Tengo que confesar que el caso siempre me ha producido fascinación, no por lo abominable de los asesinatos que perpetró. Nadie en sus cabales puede admirar a un “asesino en serie” que cometió actos atroces e infames con sus víctimas —título que dicho sea de paso, se le dió a este tipo de criminales justo a partir de los episodios ejecutados por Ted— sino por su extraña y cautivante personalidad. A simple vista era un tipo muy, muy bien parecido, con buena educación, elocuente, buen orador y extremadamente argénteo y encantador. ¿Cómo una persona con tales características pudo ser capaz de tal envilecimiento? Con antecedentes de visible resentimiento hacia las mujeres (comenzando con su madre) adicto a la pornografía y masoquismo llevó muy lejos sus instintos salvajes. Nunca dejará de sorprenderme que a pesar de todo estos precedentes su juicio fue unos de los más mediáticos y a este “rock star” de los homicidios que fungió como su propio abogado defensor (ya que era estudiante de leyes) le llovían cartas de admiradoras confesando sentirse profundamente enamoradas de él.

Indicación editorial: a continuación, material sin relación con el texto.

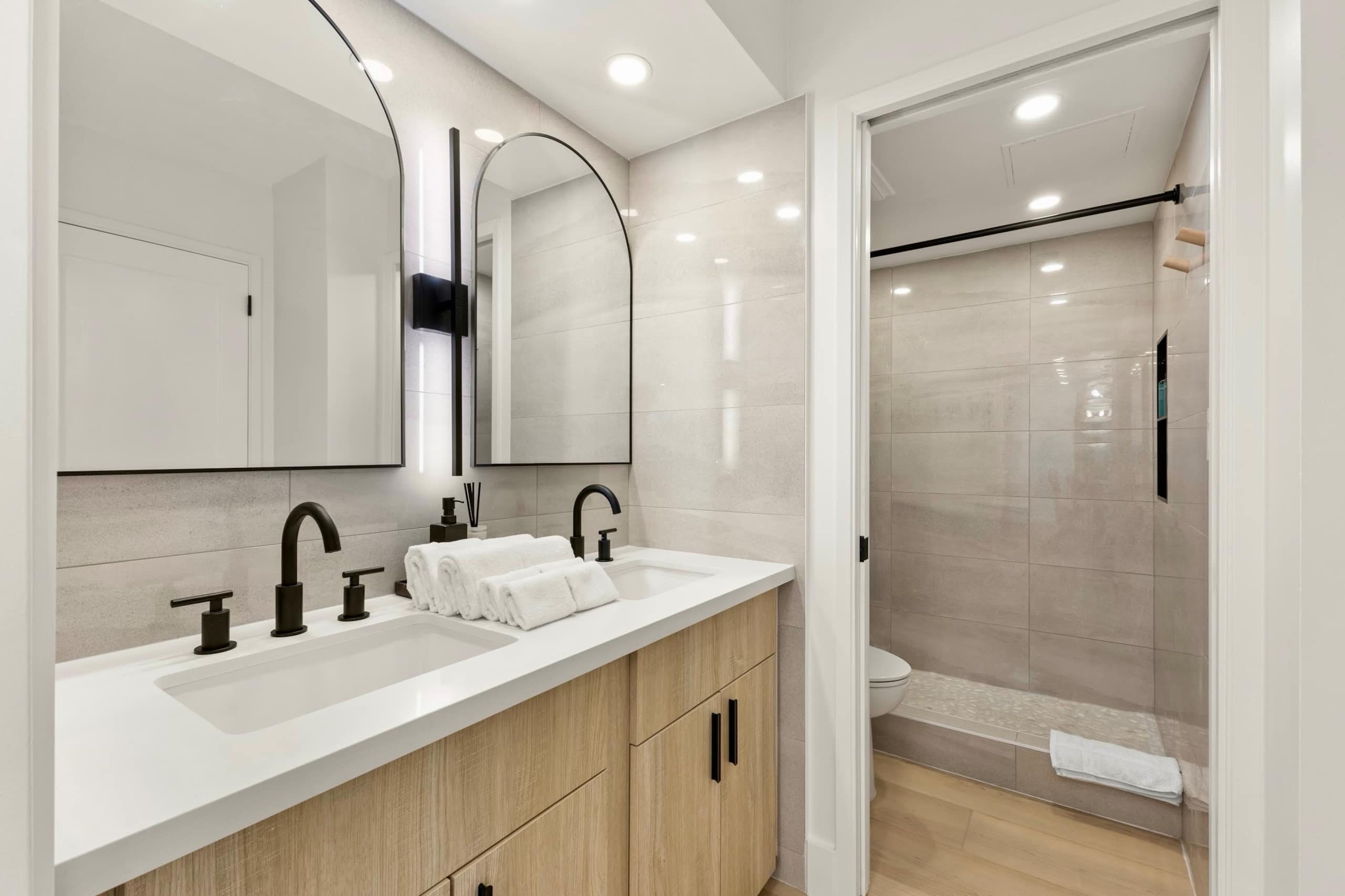 Condo in Honolulu · ★4.96 · 1 bedroom · 3 beds · 1 private bath - Image 32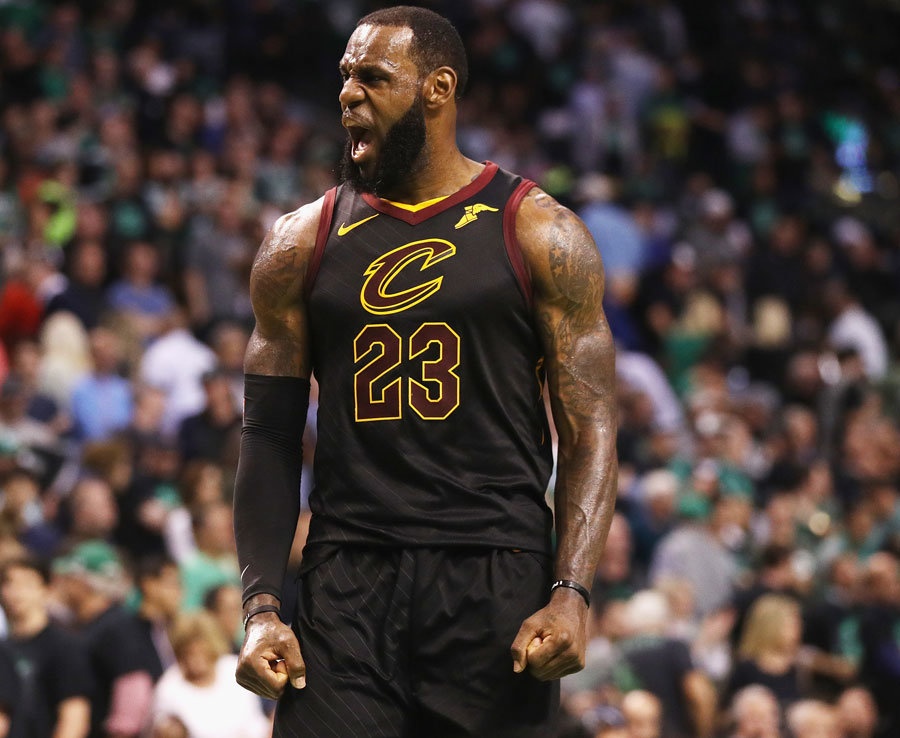 10 van dong vien,  Roger Federer,  Lionel Messi,  Cristiano Ronaldo,  Mayweather anh 5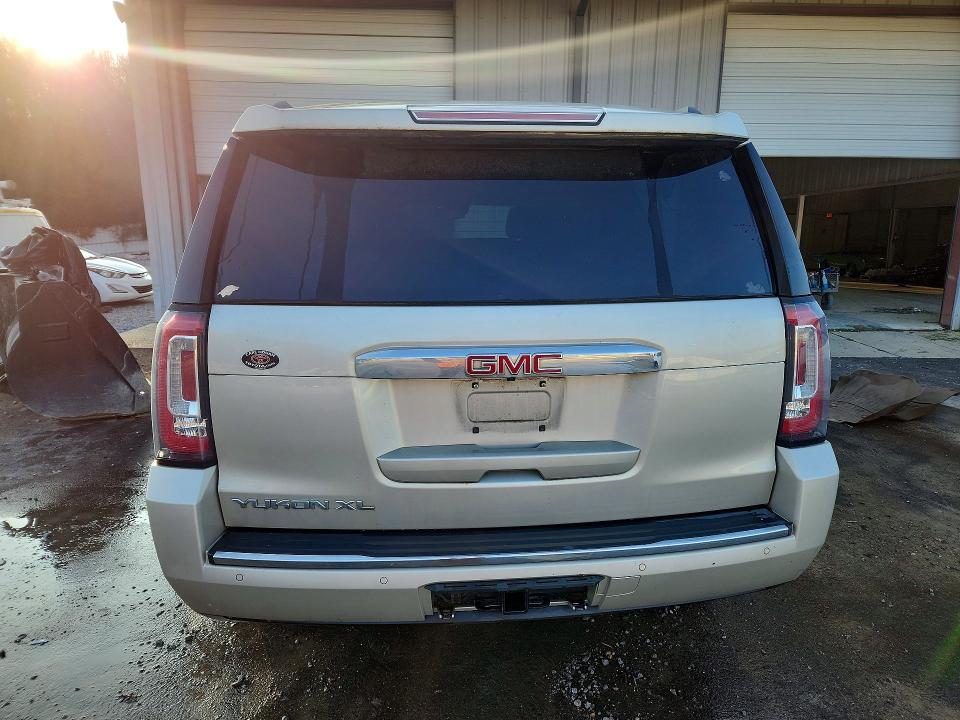 Продажа на аукционе авто 2016 Gmc Yukon Xl, vin: 1GKS1HKJ1GR356865, номер лота: 75803395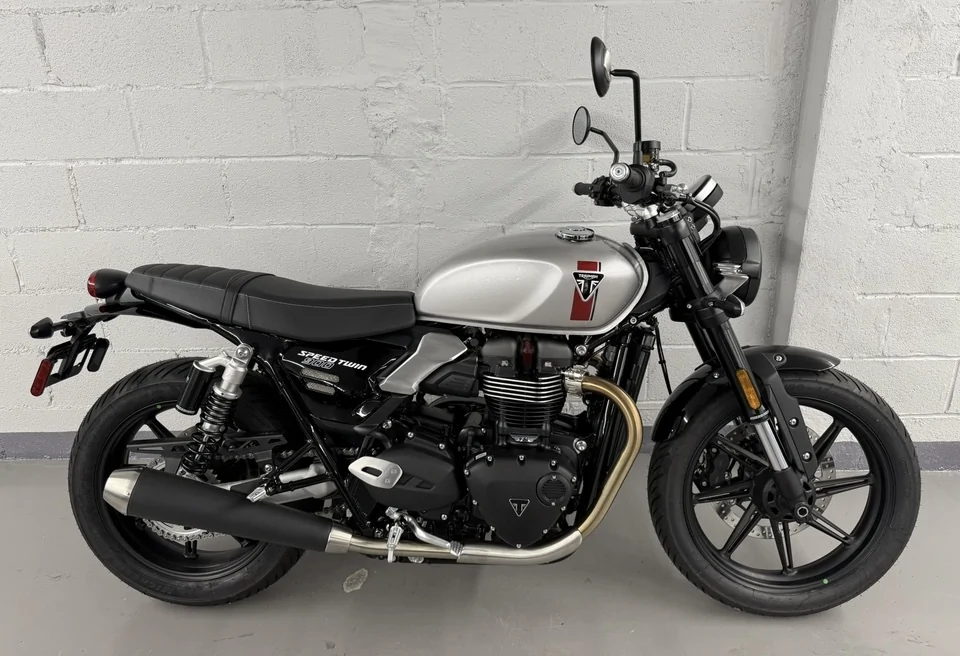 Ford Bronco Sport I'm thinking of getting back into motorcycling... IMG_1266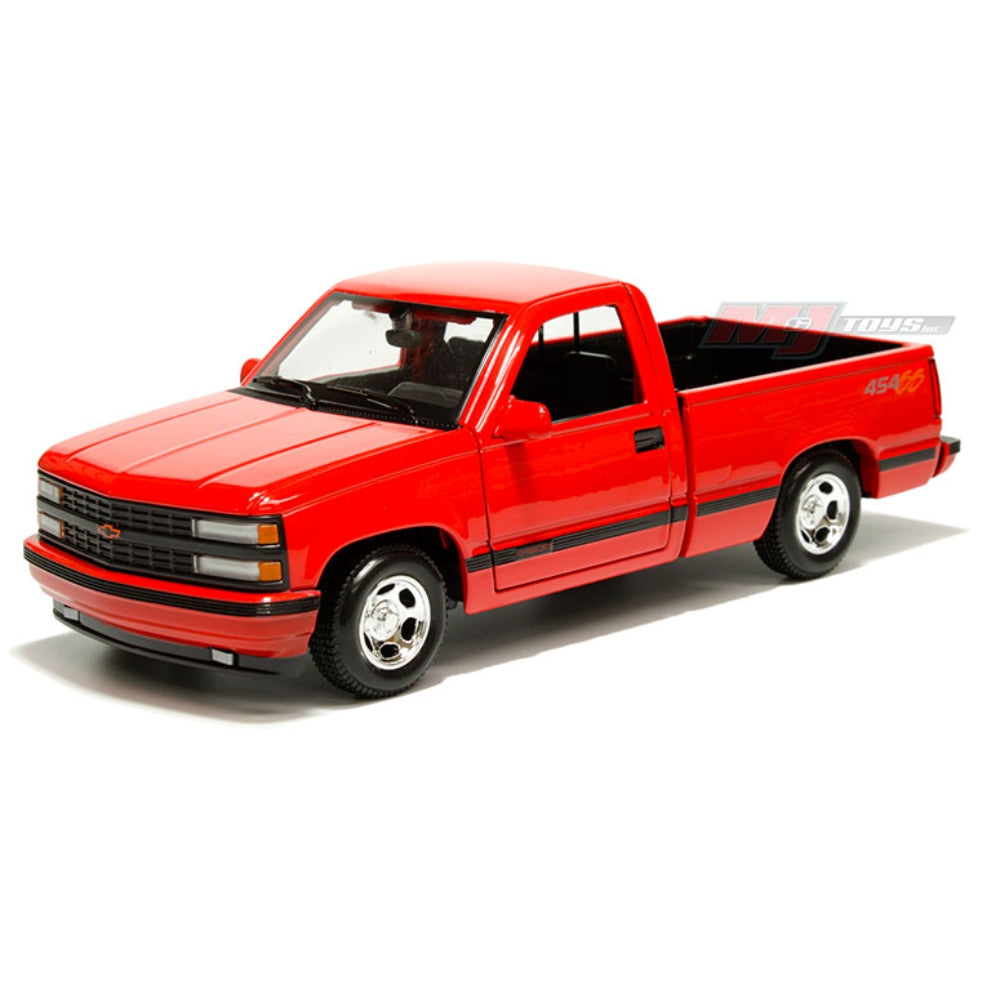 Maisto 1:24 1993 Chevrolet 454 SS Pickup – Red, Black – Special Edition – Display Tray Set of 4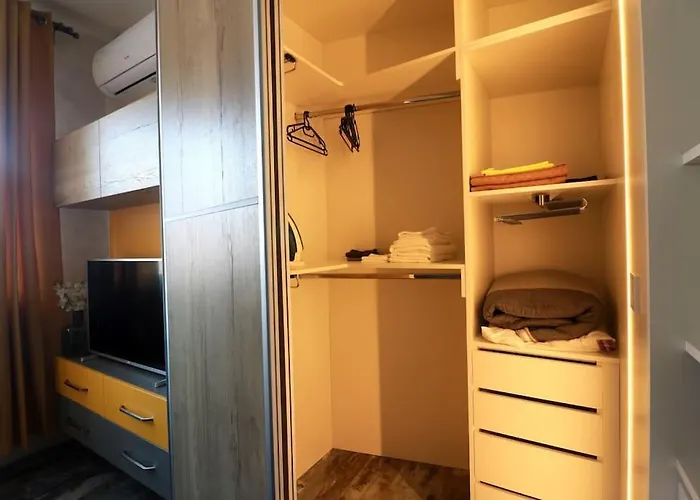 Unique Central 1 Bedroom Flat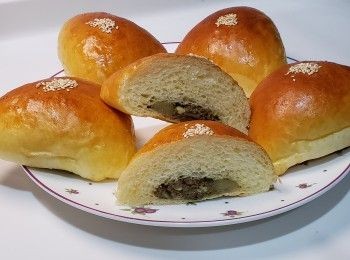 step1: 材全部混合（牛油除外）
靜置30分鐘
麵團成團後 加入牛油
第一次發酵 約1小時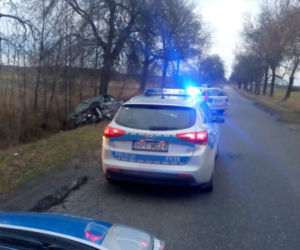 60 kilometrów POLICYJNEGO POŚCIGU. Dramatyczny finał na kolejowym przejeździe 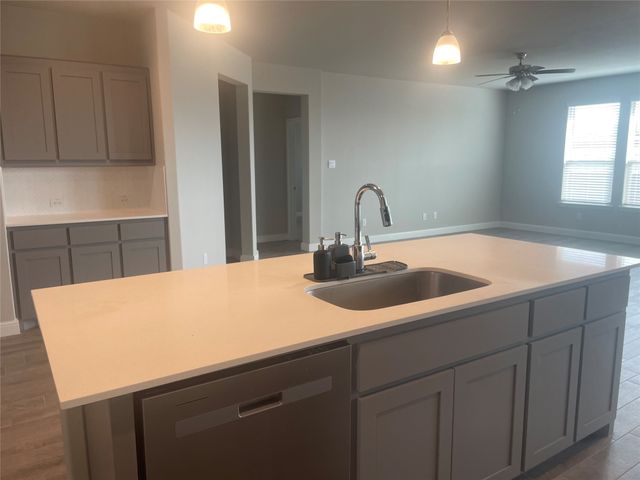 135 Lunayena Road, Rhome, TX 76078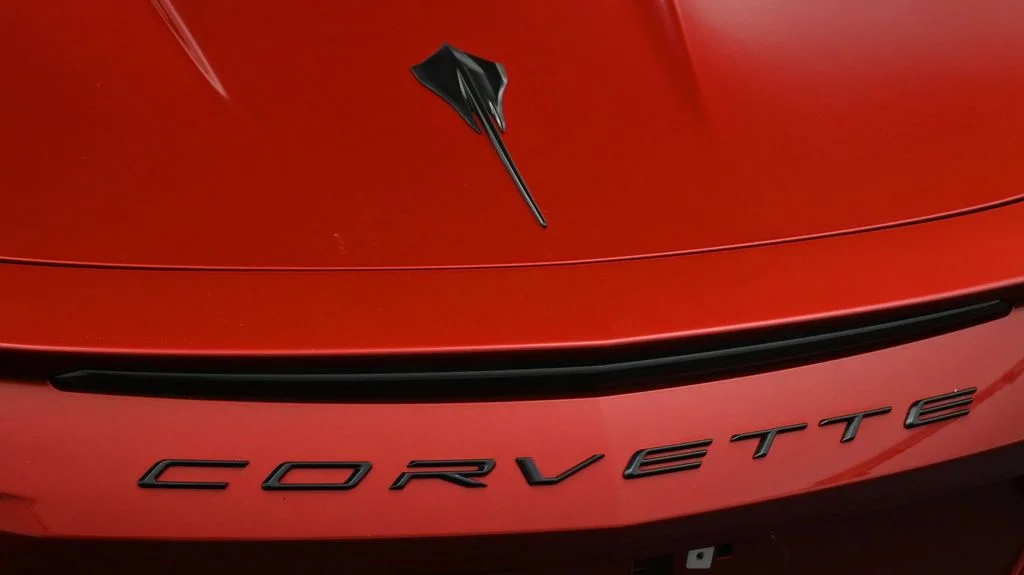 Used 2022 Red Chevrolet Stingray image 19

Con ya algunas películas inverosímiles fallidas en el haber de este suceso, naturalmente, muchos aficionados esperábamos ver la dramatización de los hechos con detalles, sobre todo porque este filme contaba con más presupuesto y más recursos fílmicos que sus antecesoras. Pintaba para ser una cinta fulgente pero siendo esta una historia adaptada del libro sobre la experiencia de Elizabeth Kloepfer (Liz Kendall) —una de las novias que Theodore más amó— “The Phantom Prince: My Life with Ted Bundy”; obtenemos no solo una crónica vista desde otra perspectiva sino el planteamiento sugestivo que Liz retribuye en muchas de las protestas que nuestras manías por el crimen corren el riesgo de ignorar: las víctimas; por ejemplo: ella se recrimina que de haber actuado a tiempo y ver todo los focos rojos hubiera podido salvar a muchas, muchas mujeres.

Berlinger, palmariamente tiene una delirante pasión por recrear las escenas de audiencias de una manera meticulosa. Aunque para ser honesta el relato de Liz se aleja de ella misma por mucho resultando en tedio donde solo la vemos impugnar y lloriquear la culpabilidad del susodicho. La negación de ella se transforma en la enajenación de él. De no ser porque conocemos la biografía juraríamos que estamos ante la presencia de un hombre inocente por el cual hay que sentir lástima. Me gustó  la caracterización de Efron pero desafortunadamente tiene poca tela de dónde cortar, ya que la narrativa en sí del guión hace un esfuerzo para ocultar la oscuridad de Bundy. Físicamente ha sido uno de los actores que más se parece de todos los que han interpretado a este sujeto. Tampoco se vieron expuestos los cambios corporales (egregios) que exigía el personaje y a los que Bundy se sometía para pasar desapercibido: pérdida considerable de peso, siempre peinados diferentes y barba.

A pesar de todo me parece una película bien hecha y hay que darle crédito a Berlinger por todo el exhaustivo trabajo de investigación que ha realizado detrás.

Aunque se estrenó en Netflix USA el 3 de mayo de este año aún no ha sido integrada al catálogo latino. Se puede ver en Cuevana 3. En la CDMX gracias a  Corazón Films pronto estará en cartelera.